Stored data

****************************************

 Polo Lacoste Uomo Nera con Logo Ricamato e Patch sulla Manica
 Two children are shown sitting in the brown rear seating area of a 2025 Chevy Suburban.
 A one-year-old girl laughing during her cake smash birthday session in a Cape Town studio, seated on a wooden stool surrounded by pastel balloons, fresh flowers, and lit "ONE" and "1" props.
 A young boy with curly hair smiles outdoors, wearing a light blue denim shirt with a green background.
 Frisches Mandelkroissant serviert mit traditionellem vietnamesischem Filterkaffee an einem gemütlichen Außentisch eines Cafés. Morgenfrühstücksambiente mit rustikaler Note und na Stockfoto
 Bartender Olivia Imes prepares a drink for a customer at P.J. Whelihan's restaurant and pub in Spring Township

****************************************

:: Aim of the exercise ::
Please give back, exactly as it stands above, the stretch from the line with "A one-year-old girl" through the line with "A young boy", and no line outside it.

:: Result of this exercise ::
 A one-year-old girl laughing during her cake smash birthday session in a Cape Town studio, seated on a wooden stool surrounded by pastel balloons, fresh flowers, and lit "ONE" and "1" props.
 A young boy with curly hair smiles outdoors, wearing a light blue denim shirt with a green background.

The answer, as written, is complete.